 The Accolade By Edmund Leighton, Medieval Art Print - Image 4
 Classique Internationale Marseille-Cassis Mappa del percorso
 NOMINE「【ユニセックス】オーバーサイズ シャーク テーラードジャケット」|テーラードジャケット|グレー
--
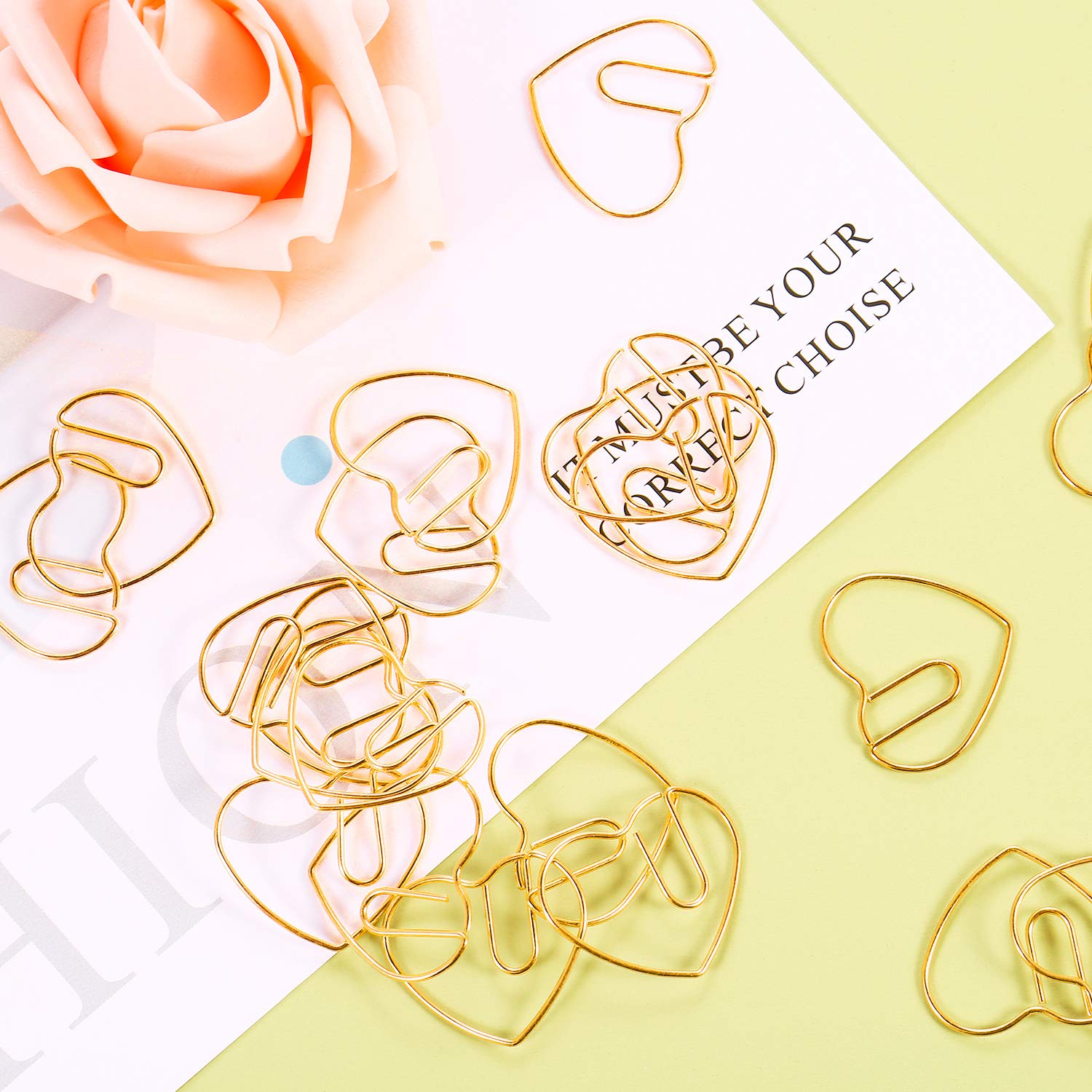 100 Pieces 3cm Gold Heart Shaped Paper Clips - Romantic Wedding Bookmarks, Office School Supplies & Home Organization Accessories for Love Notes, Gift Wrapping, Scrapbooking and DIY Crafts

[TASK]
From the entries above, restate word for word the lines from the line containing "The Accolade By" to the line containing "NOMINE「【ユニセックス】オーバーサイズ シャーク テーラードジャケット」|テーラードジャケット|グレー", both ends included, and nothing more.

[FINAL ANSWER]
 The Accolade By Edmund Leighton, Medieval Art Print - Image 4
 Classique Internationale Marseille-Cassis Mappa del percorso
 NOMINE「【ユニセックス】オーバーサイズ シャーク テーラードジャケット」|テーラードジャケット|グレー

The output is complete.